One of the most notorious examples of repression was the police assault on the peaceful delegates of the Bengal Provincial Conference at Barisal in April 1906. Many of the young volunteers were severely beaten up and the Conference itself was forcibly dispersed. In December 1908, nine Bengal leaders, including the venerable Krishna Kumar Mitra and Ashwini Kumar Dutt, were deported.

Earlier, in 1907, Lala Lajpat Rai and Ajit Singh had been deported following riots in the canal colonies of the Punjab. In 1908, the great Tilak was again arrested and given the savage sentence of 6 years’ imprisonment. Chidambaram Pillai in Madras and Harisarvottam Rao and others in Andhra were put behind bars.

As the militant nationalists came to the fore, they gave the call for passive resistance in addition to Swadeshi and Boycott.

They asked the people to refuse to cooperate with the government and to boycott government service, the courts, government schools and colleges, and municipalities and legislative councils, and thus, as Aurobindo Ghose put it, “to make the administration under present conditions impossible.”

The militant nationalists tried to transform the Swadeshi and Anti-Partition agitation into a mass movement and gave the slogan of independence from foreign rule.

Aurobindo Ghose openly declared:

“Political freedom is the life breath of a nation.”

Thus, the question of the partition of Bengal became a secondary one and the question of India’s freedom became the central question of Indian politics.

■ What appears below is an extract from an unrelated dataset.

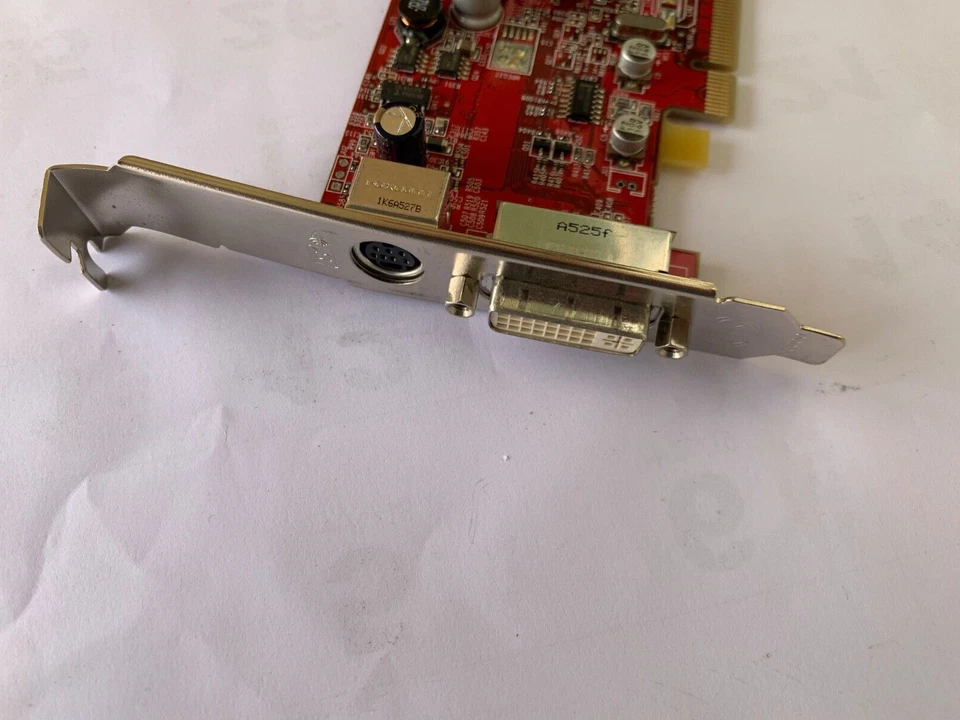 New - M5604 Dell ATi X300 DVI-TV 64MB PCI-e Video Card 109-A26000-00 (D152) - Image 4 of 4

The militant nationalists also gave the call for self-sacrifice without which no great aim could be achieved.

It should be remembered, however, that the militant nationalists also failed in giving a positive lead to the people. They were not able to give effective leadership or to create an effective organisation to guide their movement.

They aroused the people but did not know how to harness or utilise the newly-released energies of the people or to find new forms of political struggle. Passive resistance and non- cooperation remained mere ideas.

They also failed to reach the real masses of the country, the peasants. Their movement remained confined to the urban lower and middle classes and zamindars. They had come to a political dead end by the beginning of 1908.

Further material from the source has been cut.